- Exercise
Apart from the pictures, every part of the records below gets retyped exactly.

[Start of Attachment]

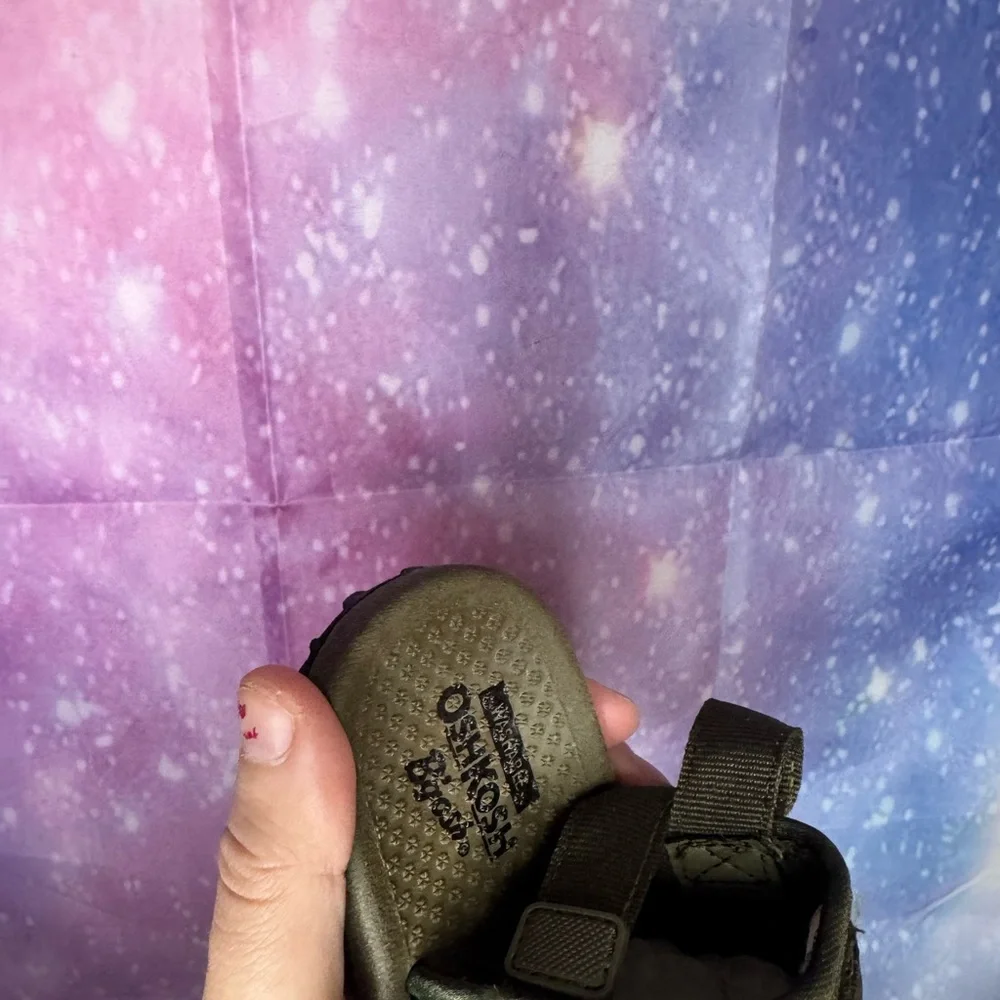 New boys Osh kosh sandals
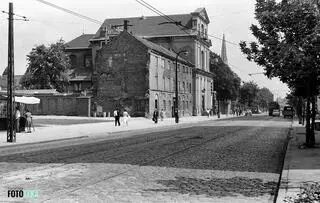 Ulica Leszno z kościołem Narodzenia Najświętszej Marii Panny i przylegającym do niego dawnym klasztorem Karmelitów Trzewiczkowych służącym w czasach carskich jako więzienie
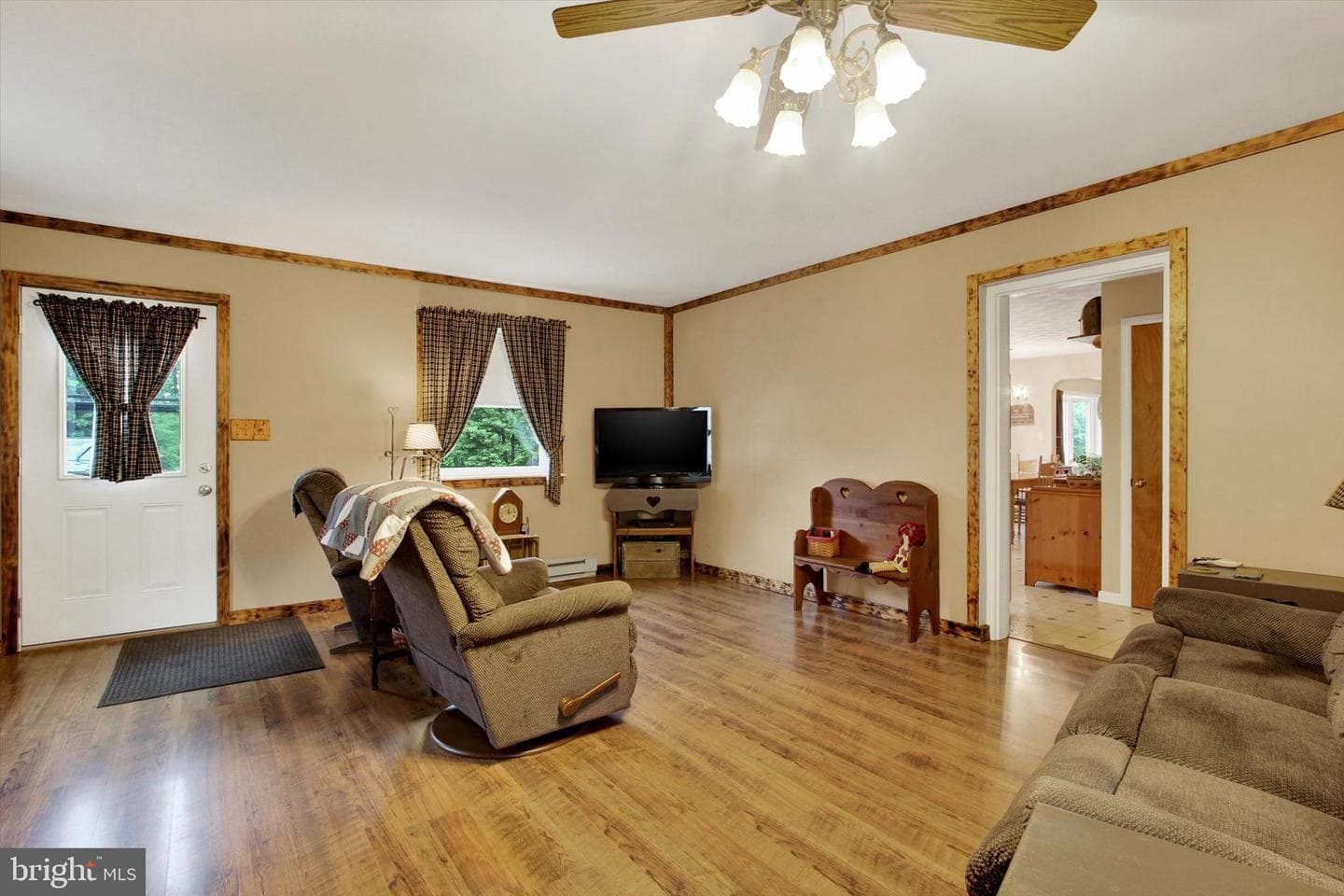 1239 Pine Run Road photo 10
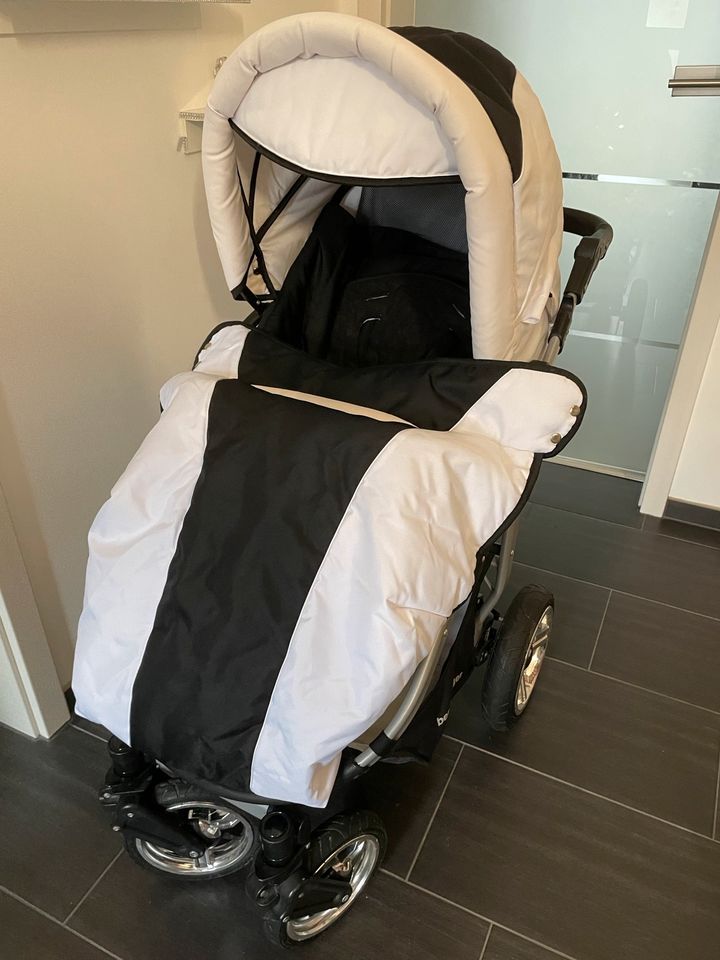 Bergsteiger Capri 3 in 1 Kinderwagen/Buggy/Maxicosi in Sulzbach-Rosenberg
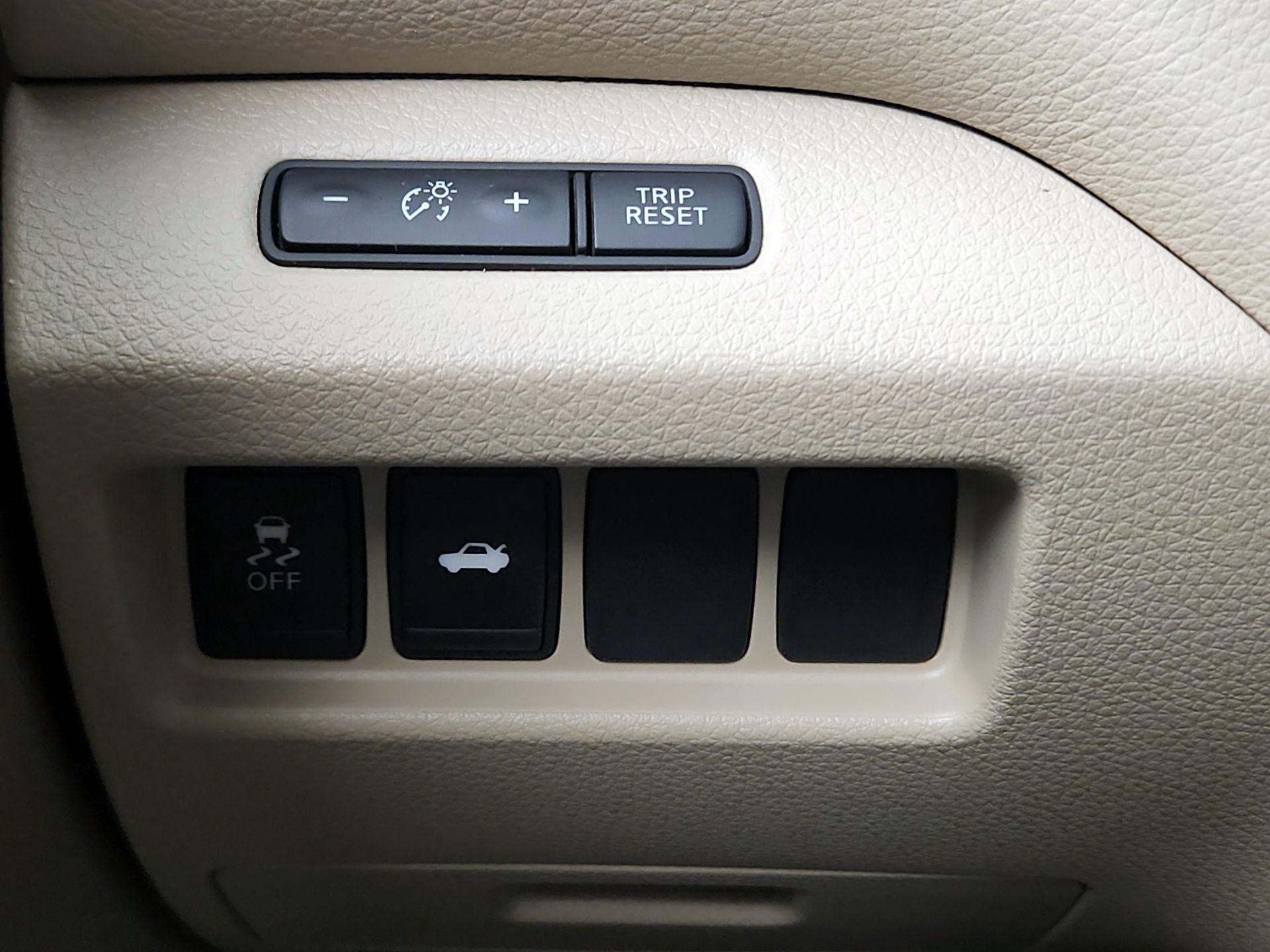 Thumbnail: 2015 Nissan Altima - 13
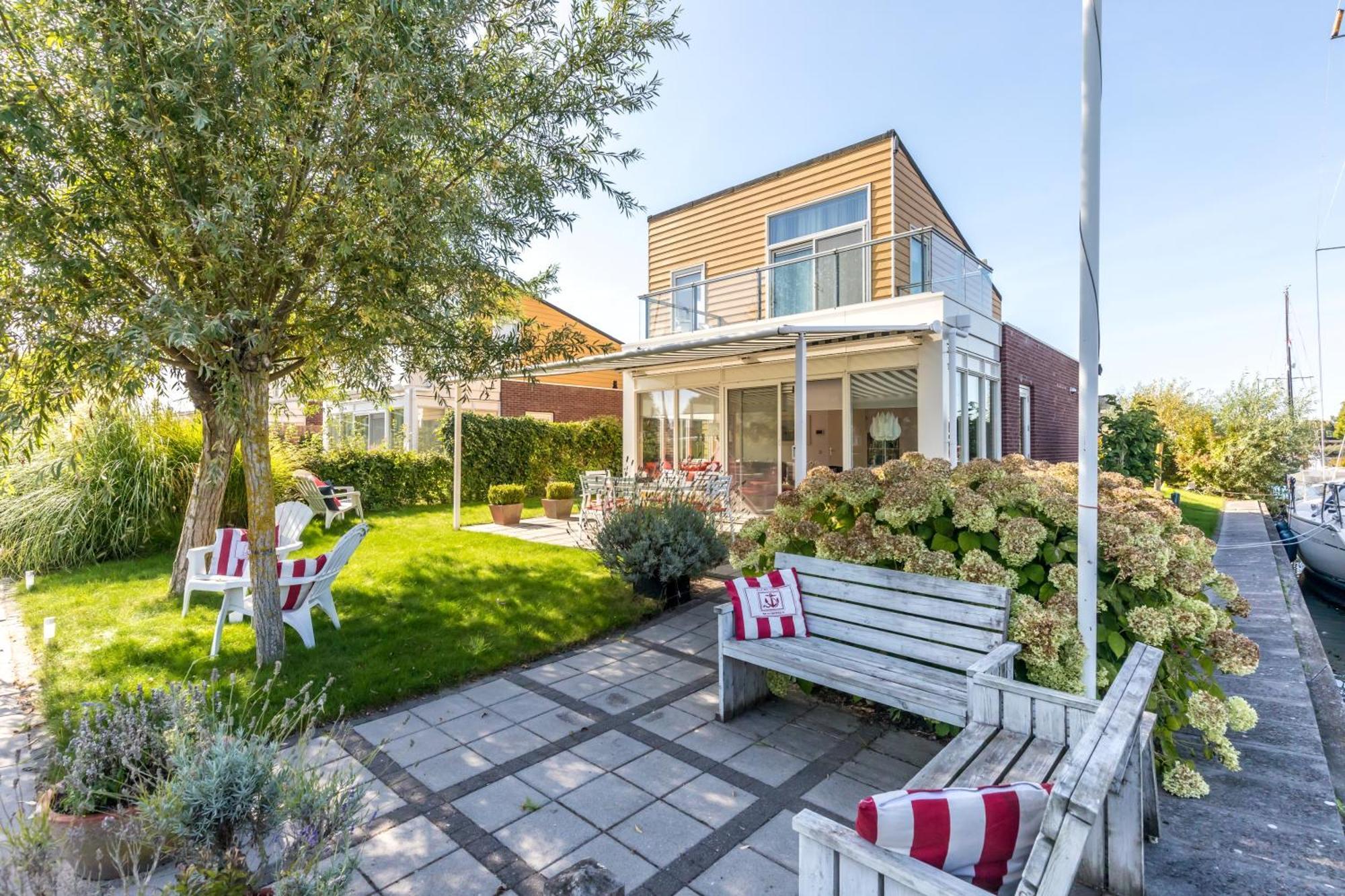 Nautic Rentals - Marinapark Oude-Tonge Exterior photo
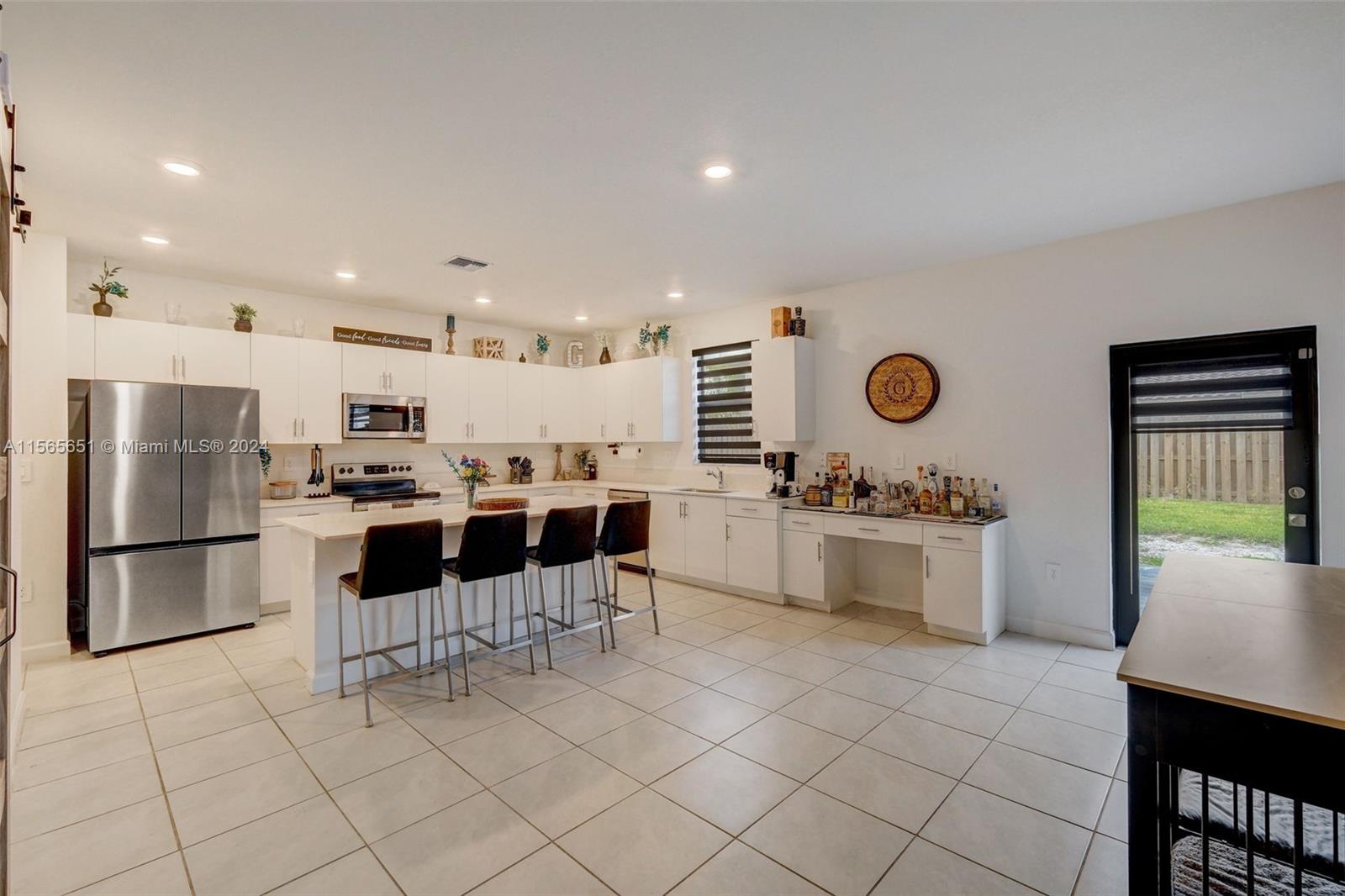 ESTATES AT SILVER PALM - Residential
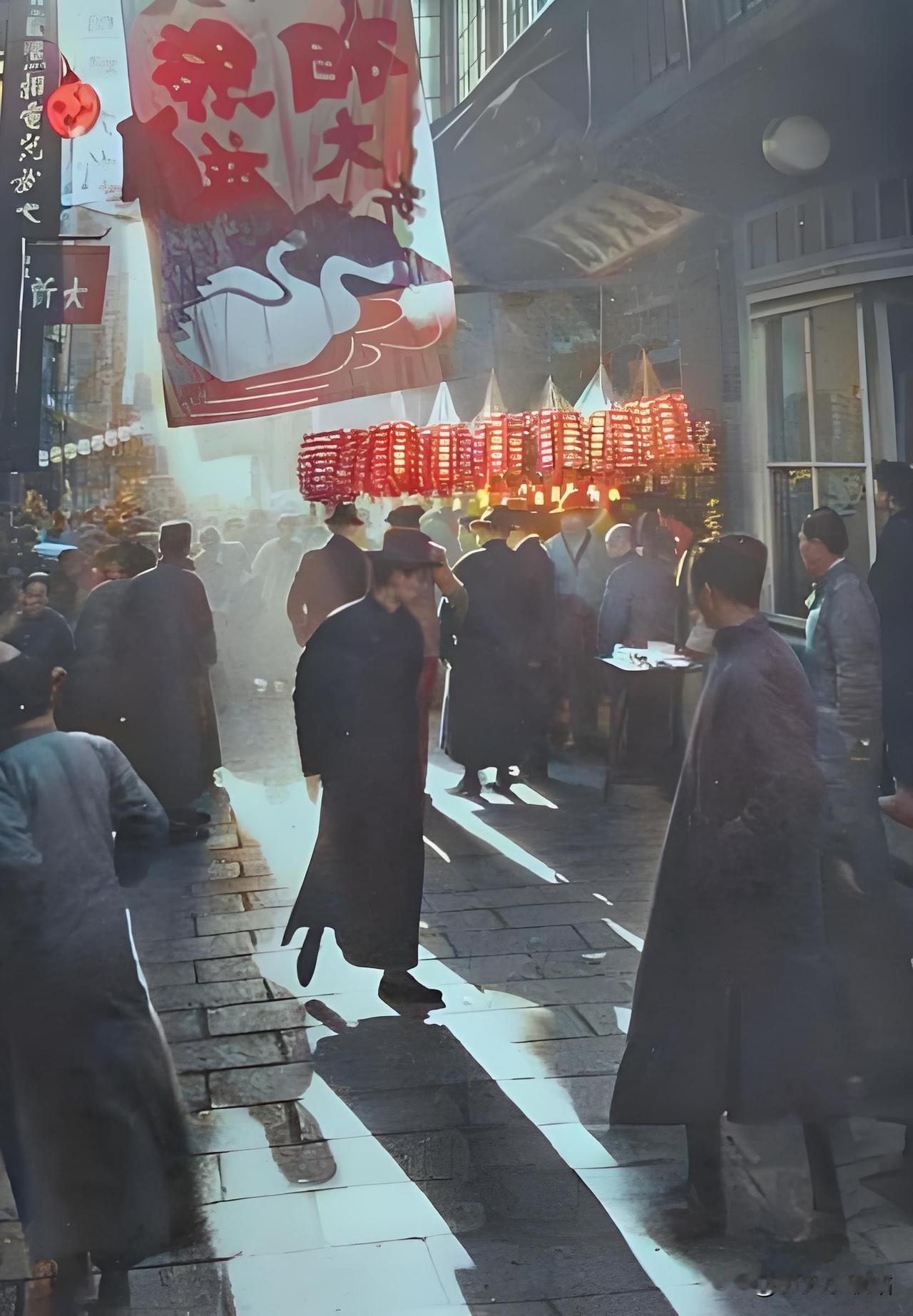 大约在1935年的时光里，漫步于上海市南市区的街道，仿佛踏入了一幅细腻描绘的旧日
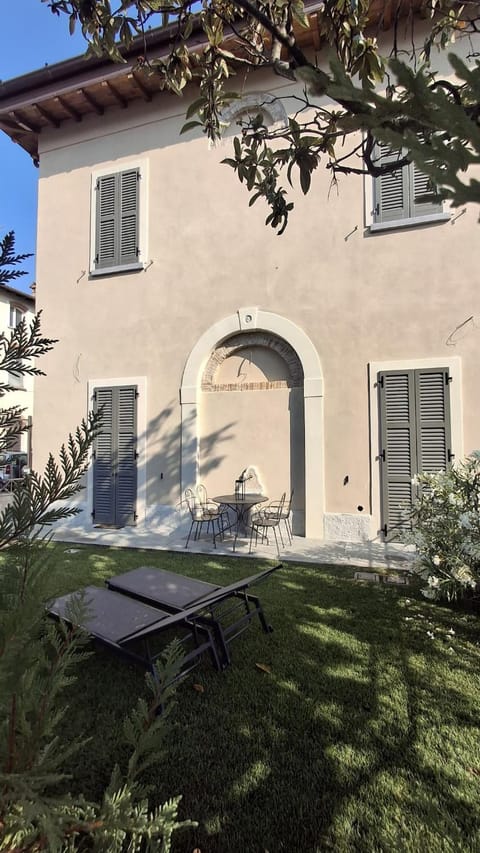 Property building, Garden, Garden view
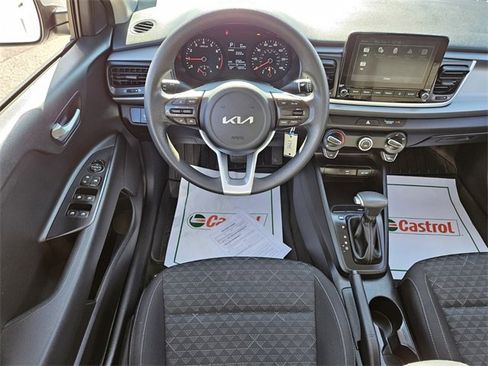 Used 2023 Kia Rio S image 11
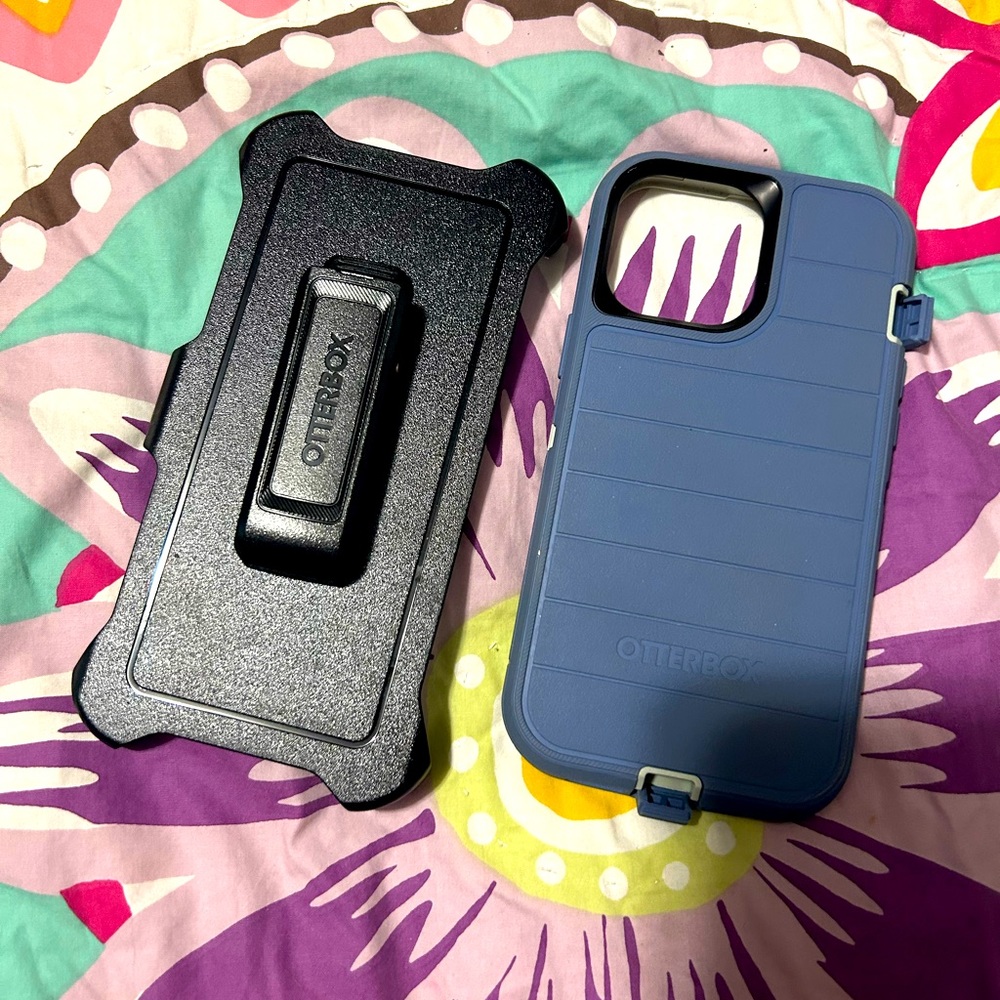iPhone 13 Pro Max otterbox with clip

[End of Attachment]

- Problem solution
 New boys Osh kosh sandals
 Ulica Leszno z kościołem Narodzenia Najświętszej Marii Panny i przylegającym do niego dawnym klasztorem Karmelitów Trzewiczkowych służącym w czasach carskich jako więzienie
 1239 Pine Run Road photo 10
 Bergsteiger Capri 3 in 1 Kinderwagen/Buggy/Maxicosi in Sulzbach-Rosenberg
 Thumbnail: 2015 Nissan Altima - 13
 Nautic Rentals - Marinapark Oude-Tonge Exterior photo
 ESTATES AT SILVER PALM - Residential
 大约在1935年的时光里，漫步于上海市南市区的街道，仿佛踏入了一幅细腻描绘的旧日
 Property building, Garden, Garden view
 Used 2023 Kia Rio S image 11
iPhone 13 Pro Max otterbox with clip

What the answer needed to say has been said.